City in Clay County, Kansas

Clay Center is a city in and the county seat of Clay County, Kansas, United States. As of the 2020 census, the population of the city was 4,199.

==History==
Clay Center was first settled in 1862. It was named from its position near the geographical center of Clay County.

The first post office was established in Clay Center on July 3, 1862.

Clay Center was located on the Chicago, Rock Island and Pacific and Union Pacific Railroads.

==Geography==
According to the United States Census Bureau, the city has a total area of 3.08 sqmi, all land. Clay Center is unique, because it is the geographic midpoint between Los Angeles, California and New York City, the two largest American cities.

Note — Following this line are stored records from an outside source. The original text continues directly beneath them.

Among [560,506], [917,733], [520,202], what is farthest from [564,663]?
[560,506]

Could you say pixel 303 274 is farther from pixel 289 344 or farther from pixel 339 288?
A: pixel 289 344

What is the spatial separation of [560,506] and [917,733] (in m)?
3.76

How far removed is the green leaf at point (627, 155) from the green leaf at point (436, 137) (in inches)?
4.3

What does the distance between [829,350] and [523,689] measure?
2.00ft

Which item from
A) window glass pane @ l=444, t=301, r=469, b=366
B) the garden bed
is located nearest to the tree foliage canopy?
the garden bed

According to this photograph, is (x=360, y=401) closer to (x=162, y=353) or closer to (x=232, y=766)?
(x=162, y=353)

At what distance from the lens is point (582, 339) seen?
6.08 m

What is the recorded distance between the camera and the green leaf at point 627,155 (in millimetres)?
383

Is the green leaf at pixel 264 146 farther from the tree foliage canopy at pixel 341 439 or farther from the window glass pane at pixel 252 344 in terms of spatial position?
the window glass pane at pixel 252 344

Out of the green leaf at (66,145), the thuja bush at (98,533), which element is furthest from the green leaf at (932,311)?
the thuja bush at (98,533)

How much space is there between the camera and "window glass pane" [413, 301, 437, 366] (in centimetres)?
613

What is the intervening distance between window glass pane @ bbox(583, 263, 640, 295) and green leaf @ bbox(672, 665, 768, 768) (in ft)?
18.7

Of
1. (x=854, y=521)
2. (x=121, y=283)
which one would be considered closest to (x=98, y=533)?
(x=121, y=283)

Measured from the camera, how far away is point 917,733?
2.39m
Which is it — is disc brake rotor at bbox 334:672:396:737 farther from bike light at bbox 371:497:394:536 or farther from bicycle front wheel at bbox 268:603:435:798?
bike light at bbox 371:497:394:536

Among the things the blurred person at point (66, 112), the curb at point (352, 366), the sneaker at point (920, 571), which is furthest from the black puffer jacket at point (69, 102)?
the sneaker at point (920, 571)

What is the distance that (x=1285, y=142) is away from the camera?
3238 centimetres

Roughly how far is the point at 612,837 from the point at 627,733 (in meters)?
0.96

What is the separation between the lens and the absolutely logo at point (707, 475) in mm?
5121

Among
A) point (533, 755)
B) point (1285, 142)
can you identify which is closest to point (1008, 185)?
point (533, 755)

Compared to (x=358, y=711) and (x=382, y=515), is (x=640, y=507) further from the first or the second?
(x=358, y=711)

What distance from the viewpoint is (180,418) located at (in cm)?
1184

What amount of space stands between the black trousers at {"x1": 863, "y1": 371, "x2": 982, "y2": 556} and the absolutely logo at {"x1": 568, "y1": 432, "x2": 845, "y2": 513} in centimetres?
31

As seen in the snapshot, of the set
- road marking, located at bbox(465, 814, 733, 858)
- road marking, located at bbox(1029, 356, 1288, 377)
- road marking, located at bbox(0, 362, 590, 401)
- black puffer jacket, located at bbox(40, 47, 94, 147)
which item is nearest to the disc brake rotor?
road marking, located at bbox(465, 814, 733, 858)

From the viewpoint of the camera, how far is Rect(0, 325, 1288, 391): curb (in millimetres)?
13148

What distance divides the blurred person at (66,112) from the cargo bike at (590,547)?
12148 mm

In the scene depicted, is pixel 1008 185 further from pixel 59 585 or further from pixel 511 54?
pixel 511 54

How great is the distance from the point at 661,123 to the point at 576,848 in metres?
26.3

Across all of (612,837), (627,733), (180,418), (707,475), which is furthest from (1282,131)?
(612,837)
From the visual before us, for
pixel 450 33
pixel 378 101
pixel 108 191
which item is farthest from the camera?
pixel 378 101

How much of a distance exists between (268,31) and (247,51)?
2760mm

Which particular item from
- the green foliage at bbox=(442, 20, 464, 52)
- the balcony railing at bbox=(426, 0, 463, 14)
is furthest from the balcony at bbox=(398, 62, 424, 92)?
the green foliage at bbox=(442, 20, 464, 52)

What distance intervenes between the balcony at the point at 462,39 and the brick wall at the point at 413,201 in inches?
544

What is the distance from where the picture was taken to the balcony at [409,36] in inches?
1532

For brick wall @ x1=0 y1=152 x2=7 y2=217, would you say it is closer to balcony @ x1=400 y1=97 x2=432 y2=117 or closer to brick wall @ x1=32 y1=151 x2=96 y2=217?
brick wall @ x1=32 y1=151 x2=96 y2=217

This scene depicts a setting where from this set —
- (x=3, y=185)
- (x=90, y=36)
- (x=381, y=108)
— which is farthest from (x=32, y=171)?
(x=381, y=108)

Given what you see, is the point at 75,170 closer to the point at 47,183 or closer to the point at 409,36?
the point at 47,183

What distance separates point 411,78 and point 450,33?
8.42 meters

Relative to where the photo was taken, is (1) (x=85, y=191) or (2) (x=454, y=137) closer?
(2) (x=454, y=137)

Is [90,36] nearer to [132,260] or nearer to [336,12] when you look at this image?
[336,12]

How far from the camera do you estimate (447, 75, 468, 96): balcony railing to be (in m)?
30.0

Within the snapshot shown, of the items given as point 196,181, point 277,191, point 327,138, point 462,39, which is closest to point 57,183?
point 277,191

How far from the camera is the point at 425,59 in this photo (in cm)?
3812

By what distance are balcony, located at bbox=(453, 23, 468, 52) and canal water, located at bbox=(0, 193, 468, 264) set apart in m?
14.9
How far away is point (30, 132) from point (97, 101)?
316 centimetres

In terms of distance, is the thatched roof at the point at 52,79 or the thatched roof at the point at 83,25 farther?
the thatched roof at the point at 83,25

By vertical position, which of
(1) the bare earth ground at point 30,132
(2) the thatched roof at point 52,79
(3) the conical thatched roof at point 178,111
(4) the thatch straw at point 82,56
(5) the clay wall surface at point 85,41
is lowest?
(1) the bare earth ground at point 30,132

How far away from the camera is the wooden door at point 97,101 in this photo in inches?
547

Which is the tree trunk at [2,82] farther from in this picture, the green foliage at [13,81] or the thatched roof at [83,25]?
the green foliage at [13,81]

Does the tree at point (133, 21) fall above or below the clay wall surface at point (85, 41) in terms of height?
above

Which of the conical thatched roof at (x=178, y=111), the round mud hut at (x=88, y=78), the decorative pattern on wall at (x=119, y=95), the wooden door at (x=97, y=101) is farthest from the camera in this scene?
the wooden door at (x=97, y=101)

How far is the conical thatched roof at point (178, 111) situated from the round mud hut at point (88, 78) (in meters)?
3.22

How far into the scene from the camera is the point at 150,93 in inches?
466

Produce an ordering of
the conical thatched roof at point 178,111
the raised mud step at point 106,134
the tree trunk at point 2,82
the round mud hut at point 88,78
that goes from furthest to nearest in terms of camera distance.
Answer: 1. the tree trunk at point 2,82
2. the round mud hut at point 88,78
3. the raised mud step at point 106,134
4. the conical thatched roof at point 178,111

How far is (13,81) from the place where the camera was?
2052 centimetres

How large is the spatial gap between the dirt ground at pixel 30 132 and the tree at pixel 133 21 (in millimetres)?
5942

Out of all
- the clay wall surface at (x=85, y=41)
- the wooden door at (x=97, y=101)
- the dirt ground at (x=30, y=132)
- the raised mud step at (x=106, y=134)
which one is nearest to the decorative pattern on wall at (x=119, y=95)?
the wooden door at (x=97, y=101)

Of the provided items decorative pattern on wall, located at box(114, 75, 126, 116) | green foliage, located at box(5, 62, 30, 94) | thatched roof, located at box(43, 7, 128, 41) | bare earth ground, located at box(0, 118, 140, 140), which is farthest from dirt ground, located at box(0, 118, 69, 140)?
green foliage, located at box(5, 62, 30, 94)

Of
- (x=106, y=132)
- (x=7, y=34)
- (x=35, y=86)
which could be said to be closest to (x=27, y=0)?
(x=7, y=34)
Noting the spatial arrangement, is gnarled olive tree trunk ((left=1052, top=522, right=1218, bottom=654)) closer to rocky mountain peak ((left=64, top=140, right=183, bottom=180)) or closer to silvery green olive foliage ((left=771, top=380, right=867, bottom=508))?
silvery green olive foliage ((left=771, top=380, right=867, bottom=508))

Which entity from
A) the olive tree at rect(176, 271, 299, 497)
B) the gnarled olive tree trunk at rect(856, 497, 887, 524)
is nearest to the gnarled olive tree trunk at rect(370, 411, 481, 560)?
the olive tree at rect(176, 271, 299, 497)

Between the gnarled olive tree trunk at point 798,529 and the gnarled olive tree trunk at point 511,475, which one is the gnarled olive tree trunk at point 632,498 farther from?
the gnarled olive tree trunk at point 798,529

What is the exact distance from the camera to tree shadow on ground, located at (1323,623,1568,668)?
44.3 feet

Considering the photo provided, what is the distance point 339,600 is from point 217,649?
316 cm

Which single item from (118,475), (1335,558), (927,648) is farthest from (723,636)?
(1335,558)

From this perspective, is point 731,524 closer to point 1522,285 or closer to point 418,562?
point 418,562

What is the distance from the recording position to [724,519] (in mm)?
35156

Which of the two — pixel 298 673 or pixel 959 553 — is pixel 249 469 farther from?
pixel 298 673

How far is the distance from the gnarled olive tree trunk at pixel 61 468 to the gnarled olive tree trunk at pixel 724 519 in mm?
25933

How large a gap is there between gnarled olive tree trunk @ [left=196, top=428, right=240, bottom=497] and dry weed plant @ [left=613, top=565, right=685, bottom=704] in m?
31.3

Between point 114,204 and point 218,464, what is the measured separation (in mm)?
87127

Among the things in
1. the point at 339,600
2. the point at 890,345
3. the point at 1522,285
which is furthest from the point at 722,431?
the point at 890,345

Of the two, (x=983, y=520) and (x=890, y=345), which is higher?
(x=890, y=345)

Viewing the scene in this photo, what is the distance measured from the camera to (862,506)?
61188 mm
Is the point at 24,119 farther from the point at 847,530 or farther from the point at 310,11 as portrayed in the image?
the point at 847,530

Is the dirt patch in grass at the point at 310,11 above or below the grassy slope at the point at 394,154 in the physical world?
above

Both cities are exactly 1224 mi from Clay Center.

===Climate===
The climate in this area is characterized by hot, humid summers and generally mild to cool winters. According to the Köppen Climate Classification system, Clay Center has a hot-summer humid continental climate, abbreviated "Dfa" on climate maps.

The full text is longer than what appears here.